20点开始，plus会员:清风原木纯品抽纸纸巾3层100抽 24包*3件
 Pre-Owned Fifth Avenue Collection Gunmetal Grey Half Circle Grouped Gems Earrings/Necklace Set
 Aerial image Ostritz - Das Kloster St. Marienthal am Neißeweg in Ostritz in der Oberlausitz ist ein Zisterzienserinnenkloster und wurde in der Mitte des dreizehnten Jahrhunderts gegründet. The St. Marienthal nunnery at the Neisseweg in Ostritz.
::::::::::
[PROBLEM TO WORK ON] Nothing but the lines from the one holding "Pre-Owned Fifth Avenue" through the end of the listing above should appear, each exactly as given.

[RESPONSE BELOW]
 Pre-Owned Fifth Avenue Collection Gunmetal Grey Half Circle Grouped Gems Earrings/Necklace Set
 Aerial image Ostritz - Das Kloster St. Marienthal am Neißeweg in Ostritz in der Oberlausitz ist ein Zisterzienserinnenkloster und wurde in der Mitte des dreizehnten Jahrhunderts gegründet. The St. Marienthal nunnery at the Neisseweg in Ostritz.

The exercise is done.